◆ Data ◆
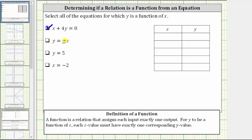Next, we have the equation y equals plus or minus x. We should recognize right away that for any x value, there are going to be two corresponding y values because of the plus or minus, except when x equals zero. And therefore, this equation does not express y as a function of x. Let's verify by looking at some ordered pairs: if we select x equals two and substitute into the equation, we have y equals plus or minus two, which means y can be positive two or negative two. The x value of two has two corresponding outputs, so this does not express y as a function of x because the input of two does not have exactly one corresponding output.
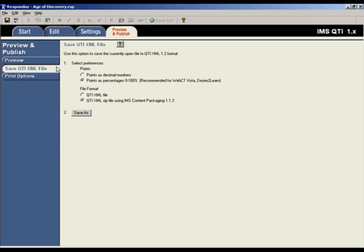Some assessment systems have implemented the QTI slightly differently in the areas of point values and file packaging, so select the options appropriate for the assessment system that you're using.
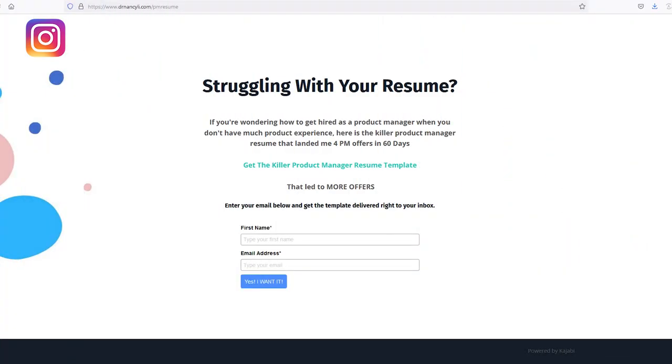By now you must be excited about the product owner and product manager roles. If you want to know how to best package your prior experience and turn it into a product manager or product owner resume, feel free to download the killer product manager resume cheat sheet, which has helped hundreds of product managers land jobs in the tech industry. I'll link the cheat sheet in the description.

◆ Description of the task ◆
Give the listing again in full, exactly as it is, but without its images.

◆ Answer section ◆
Next, we have the equation y equals plus or minus x. We should recognize right away that for any x value, there are going to be two corresponding y values because of the plus or minus, except when x equals zero. And therefore, this equation does not express y as a function of x. Let's verify by looking at some ordered pairs: if we select x equals two and substitute into the equation, we have y equals plus or minus two, which means y can be positive two or negative two. The x value of two has two corresponding outputs, so this does not express y as a function of x because the input of two does not have exactly one corresponding output.
Some assessment systems have implemented the QTI slightly differently in the areas of point values and file packaging, so select the options appropriate for the assessment system that you're using.
By now you must be excited about the product owner and product manager roles. If you want to know how to best package your prior experience and turn it into a product manager or product owner resume, feel free to download the killer product manager resume cheat sheet, which has helped hundreds of product managers land jobs in the tech industry. I'll link the cheat sheet in the description.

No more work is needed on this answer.